Your goal:
The pictures stay out. Please retype every line below exactly.

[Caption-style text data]
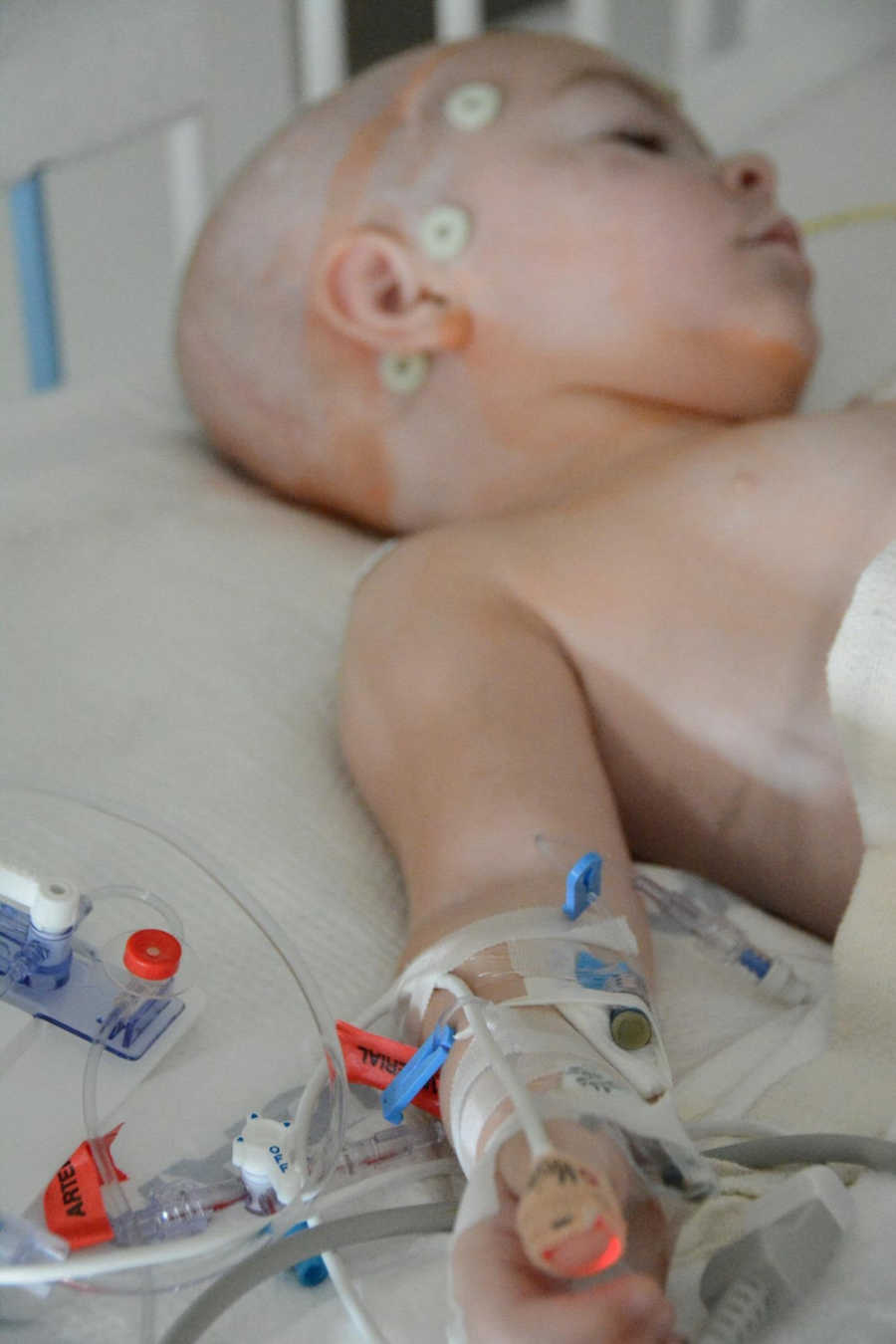 Baby who needs brain surgery lays in hospital bed hooked up to monitors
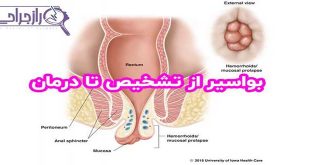 درمان خانگی بواسیر
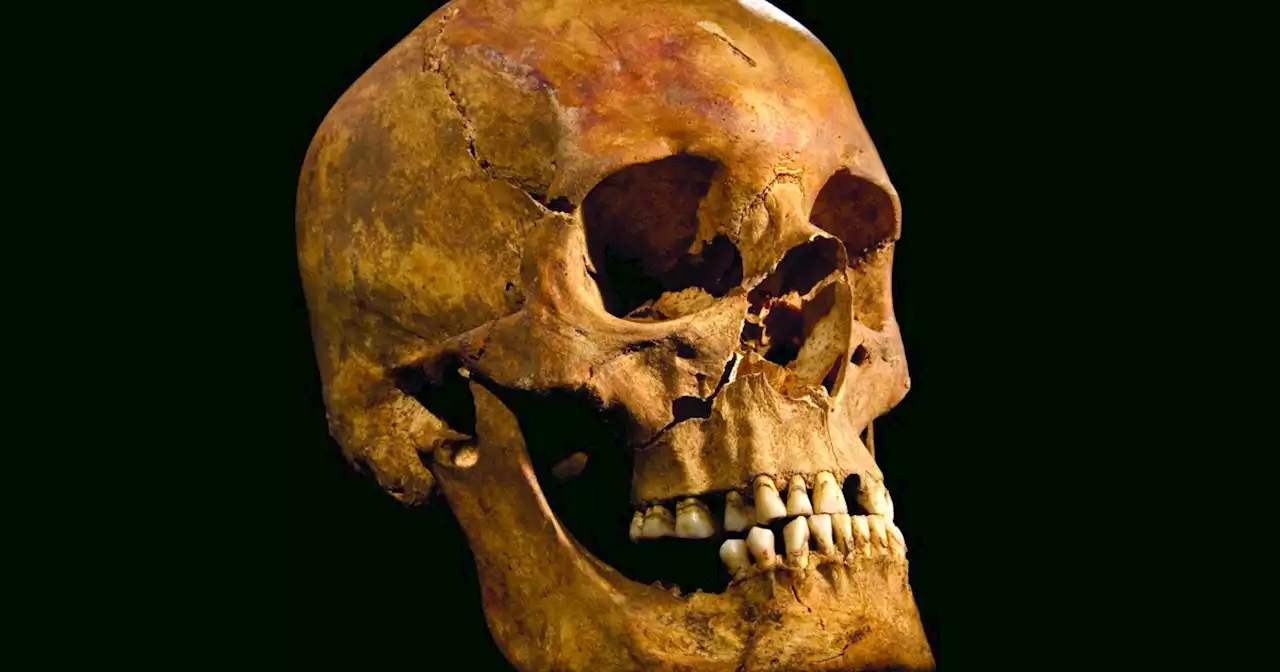 Archaeologists find evidence of first ear surgery on 5,300-year-old skull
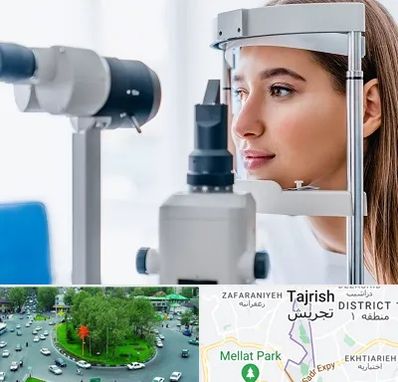 فوق تخصص شبکیه در تجریش 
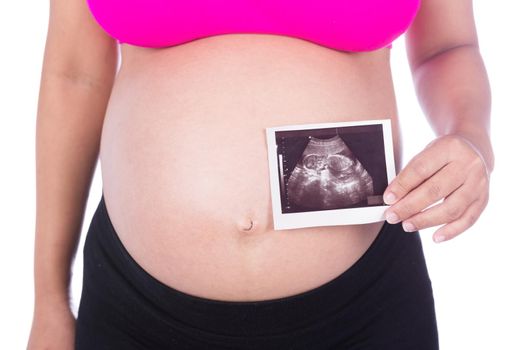 Pregnant woman hands holding ultrasound photo isolated on white background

Written solution:
 Baby who needs brain surgery lays in hospital bed hooked up to monitors
 درمان خانگی بواسیر
 Archaeologists find evidence of first ear surgery on 5,300-year-old skull
 فوق تخصص شبکیه در تجریش 
 Pregnant woman hands holding ultrasound photo isolated on white background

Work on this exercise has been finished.